Такое бездумное подчинение моральной норме, утвердившись над миром и человеком, довлея  над ними со всей непреложностью нравственного законодателя, неизбежно порождает моралистическую препарацию людей, жизненных обстоятельств и исторических событий. Оно не только крайне утрирует действительность, упрощая до вечно “добрых” или вечно “злых” состояний, но и в конечном счете омертвляет ее как духовно, так и витально. Поэтому есть все основания полагать, что в действительности морализм есть некая разновидность ложной сотериологии, уповающей на спасение мира посредством морали и оперирующей при этом извечной склонностью человека к незамысловатости, простоте и сугубой прямолинейности представлений и поступков [см. об этом: 5, с. 110]. Морализм обезоруживает человека перед лицом смертельной опасности, освобождает его от необходимости в моменты острейших социально-исторических кризисов принимать суровые, жесткие, но жизненно оправданные и необходимые решения. Именно поэтому морализм как всякая апология прямолинейного и духовно сомнительного “добра” особенно опасен в сложные, историософски напряженные моменты национальной судьбы, невольно или преднамеренно подчиняя ее воле случая или, что еще хуже, капризам разного рода волюнтаристов, популистов, авантюристов и проходимцев.

В “Бывшем и несбывшемся” и других произведениях Ф.А. Степуна можно обнаружить фиксацию и аналитику разных вариаций морализма, каждая из которых по-своему лжива и опасна:

• Морализм самым решительным образом обничтоживается перед необъятным разнообразием человеческих типов, коими Россия до революции была так богата.
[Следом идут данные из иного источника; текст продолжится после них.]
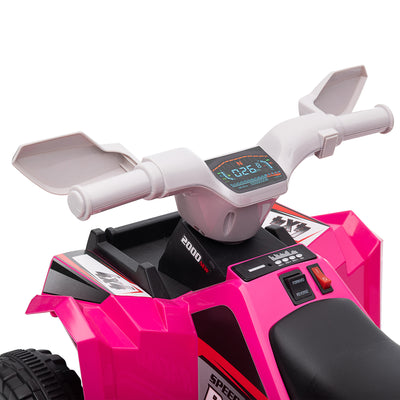HOMCOM 6V Quad Bike with Wear-Resistant Wheels, Forward Backward Function, for Ages 18-36 Months, Pink 
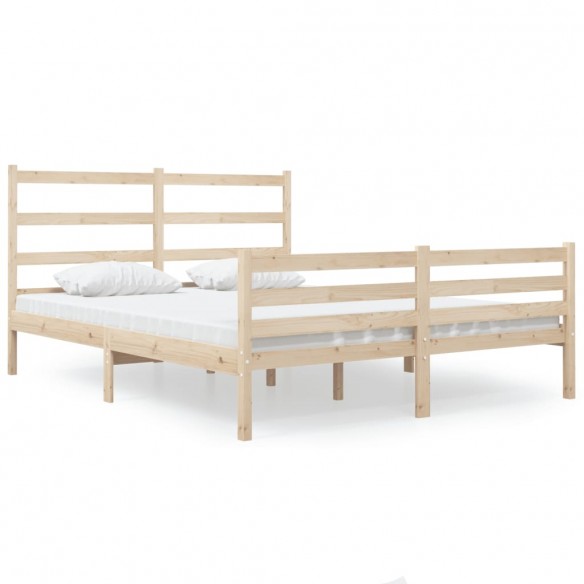 Cadre de lit bois de pin massif 120x190 cm petit double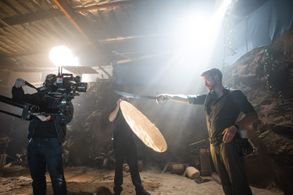 Directing in studio cave set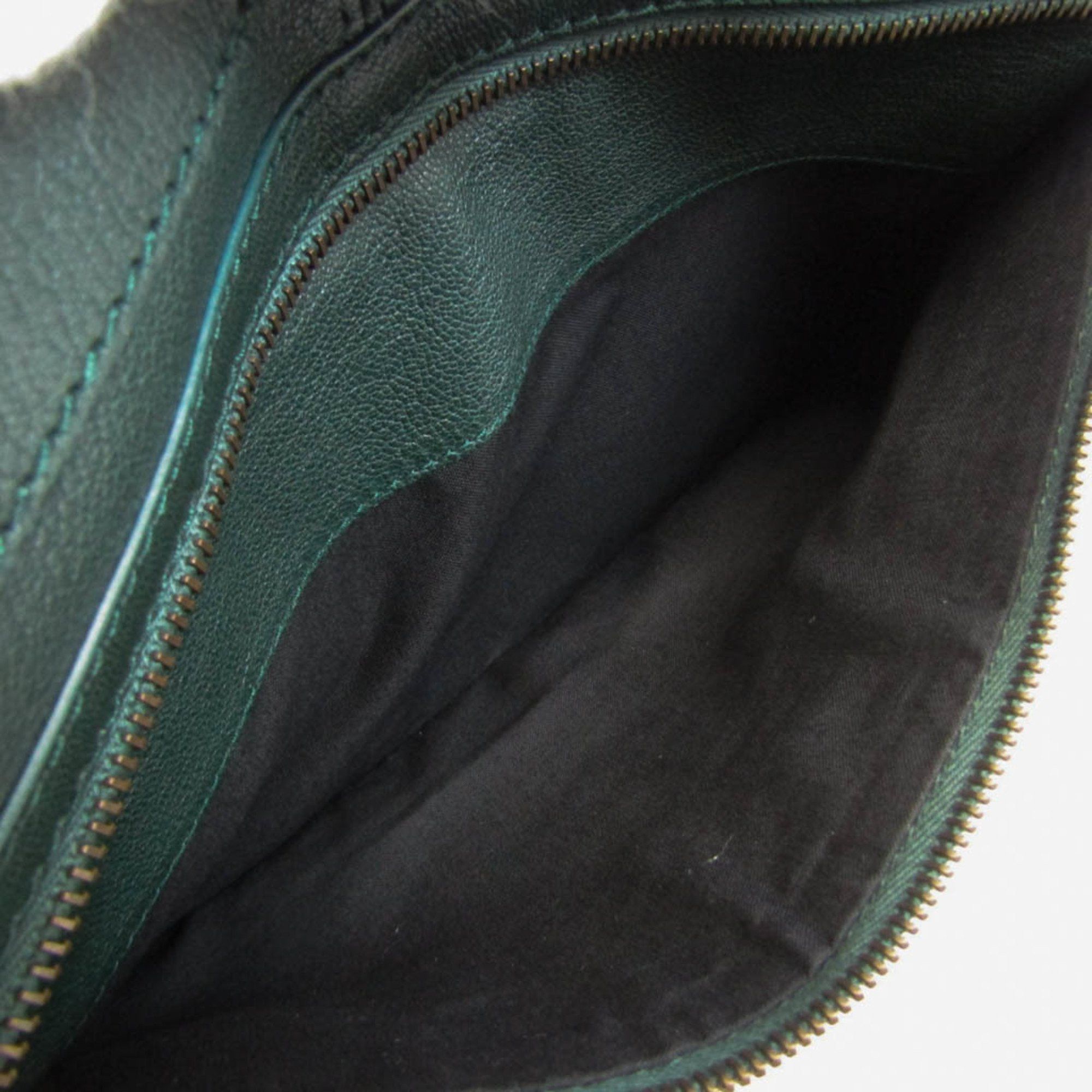Balenciaga Clip Green Leather Clutch Bag (Pre-Owned) Size ONE SIZE - 7 Thumbnail
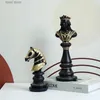 Obiekty dekoracyjne figurki Northeuins 30 cm Międzynarodowe figurki szachowe dla wnętrz król Królowa Knight Chess Statue Chessmen Home Deaktop Dekoracja T2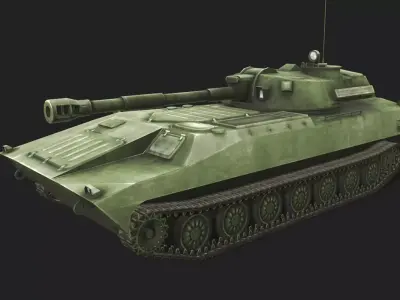 Tank 2s1 Gvozdika Low-poly 3D model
Разве можно их “уложить” в прямолинейный шаблон представлений об исключительно “добрых” и исключительно “злых” людях, который моралисты с педантичной уверенностью в своей правоте распространяют на всех и вся!? У Степуна читаем: “Я с нежностью вспомнил дореволюционную Россию: до чего же она была богата по особому заказу скроенными и сшитыми людьми. Что ни человек ― то модель. Ни намека на стандартизованного человека западноевропейской цивилизации. И это в стране монархического деспотизма, подавлявшего свободу личности и сотнями бросавшего молодежь в тюрьмы и ссылки. Какая в этом отношении громадная разница между царизмом и большевизмом, этой первою в новейшей истории фабрикой единообразных человеков. Очевидно, государственный деспотизм не так страшен своими политическими запретами, как своими культурно-педагогическими заданиями, своими замыслами о новом человеке и о новом человечестве. При всем своем деспотизме, царская Россия духовно никого не воспитывала и в духовно-культурной сфере никому ничего не приказывала” [7, с. 214].
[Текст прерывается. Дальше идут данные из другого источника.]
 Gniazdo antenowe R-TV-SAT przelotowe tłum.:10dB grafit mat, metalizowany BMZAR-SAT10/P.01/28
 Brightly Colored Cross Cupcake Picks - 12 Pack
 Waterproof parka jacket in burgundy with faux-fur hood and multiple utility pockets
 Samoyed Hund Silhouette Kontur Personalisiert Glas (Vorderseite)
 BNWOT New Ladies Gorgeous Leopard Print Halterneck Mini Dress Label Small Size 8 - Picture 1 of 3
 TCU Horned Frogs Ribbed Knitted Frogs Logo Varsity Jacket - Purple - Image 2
• Морализм, доведенный до социально-доктринального уровня и представший перед обществом в виде непререкаемой идеологемы, решительно отменяет всякую духовно-ценностную и социокультурную иерархию идей, воззрений, принципов и смыслов, не позволяя таким образом различать и противопоставлять друг другу внешнее и внутреннее, духовное и моральное, норму и ценность, слово и смысл, сакральное и профанное. Весьма характерно в этом плане, что еще в бытность своего пребывания в молодой советской России Степун был участником и свидетелем многих послереволюционных диспутов и публичных прений, где представители зарождающегося советского агитпропа пытались на новый лад переделать консервативное сознание крестьян. Однако, всячески выпрямляя и упрощая представления людей согласно нормам и стилям нового советского морализма, борцы с “религиозными предрассудками” и “вековой отсталостью народа” нередко получали решительную и бескомпромиссную отповедь именно от представителей трудового народа. В “Бывшем и несбывшемся” Степун приводит весьма остроумный ответ одного из своих односельчан, кузнеца Ивана, на моралистическую критику религии и священства из уст ретивых представителей “нового пролетарского мировоззрения”: “Священники у нас разные бывают — и праведные, и грешные. Но не твоей совести дело судить их. За бессовестный же твой поклеп, хотя ты и неверующий, все равно перед Богом ответишь потому, что крещеный ты. Это тебе первый ответ. А вот и второй: хотя бы и твоя правда была, против святости церкви она все одно ничего не доказывает. Ты вот во что вникнуть должен: кто в попе пьет — человек или сан? Если батюшка по человеческой слабости иной раз лишнее и выпьет, это ему на исповеди простится, ну а святой сан не пьет. Мы же в священнике не грешного человека чтим, а рукоположенного иерея. Затем ведь священник поверх портков и рясу носит… чтобы она трезвая оставалась, когда портки напьются” [там же, с. 545–546].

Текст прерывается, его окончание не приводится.